Hopefully, you found this tutorial helpful. If you have questions or run into any problems, post a comment below.
Related Article: How to find inactive users in Active Directory
AD Cleanup Tool
Quickly find and cleanup stale user and computer accounts
Related AD Reports
will you please tell me the way to allow non administrators (IT support team)
to join workstation to domain and perform some troubleshooting tasks, such as running network diagnostics task,installing softwares etc.
You can use the delegation control wizard to allow non administrators access to perform certain tasks.
Here is a video I made for delegating reset permissions to a security group for the helpdesk.
https://www.youtube.com/watch?v=VXDVwRGW-Qs
The last three powershell commands worked great.
You should add that they need to be run sequentially.

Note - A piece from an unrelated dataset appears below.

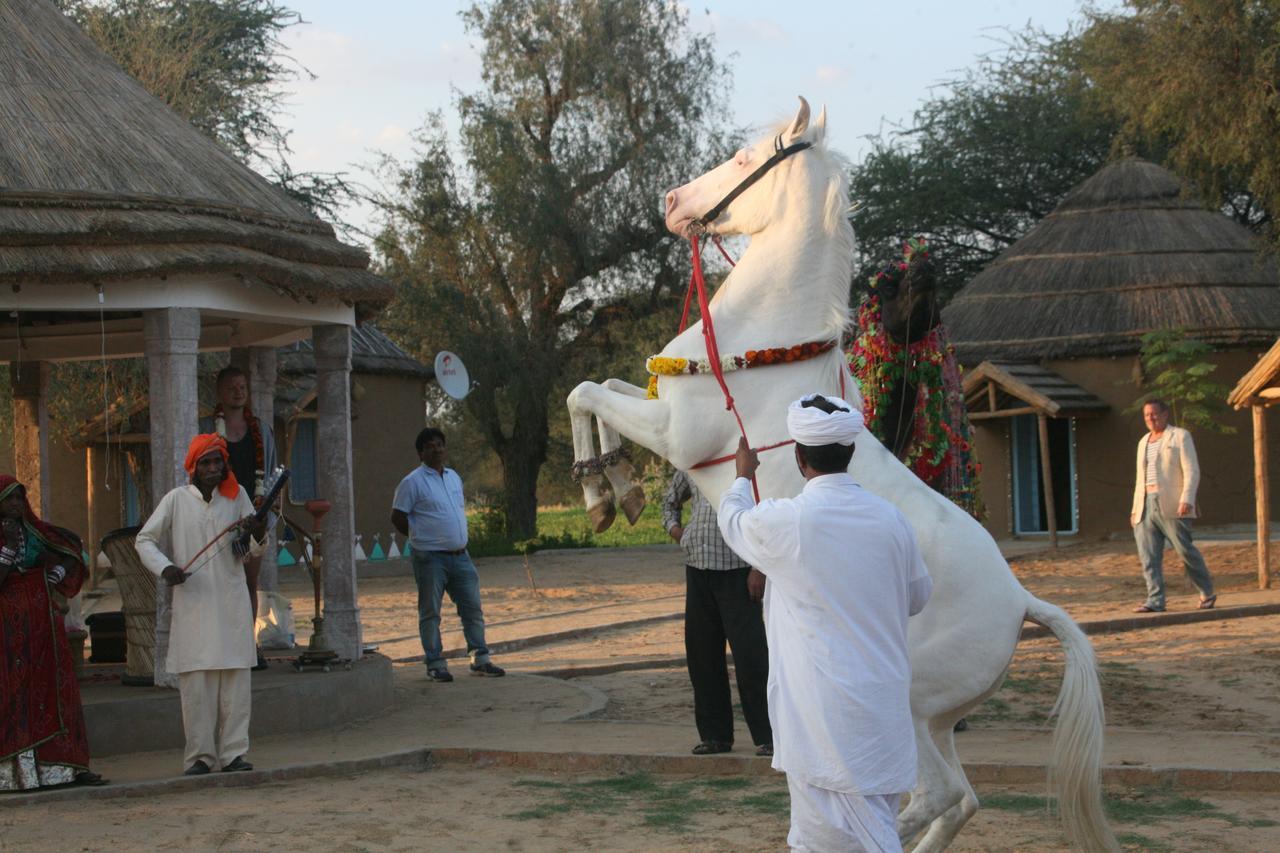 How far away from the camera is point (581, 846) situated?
6.38 metres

Inactive accounts and their access permissions can be used to access network resources. So it is necessary to manage and remove inactive Active Directory accounts using PowerShell and Solution:
https://www.lepide.com/how-to/manage-inactive-ad-accounts-with-lepideauditor.html
http://expert-advice.org/active-directory/powershell-to-find-inactive-ad-users-and-computers-accounts/
Peter,
You are absolutely right, if inactive accounts are not removed they can be used to gain access to resources. This is why I run a monthly task to check and remove inactive computer and user accounts.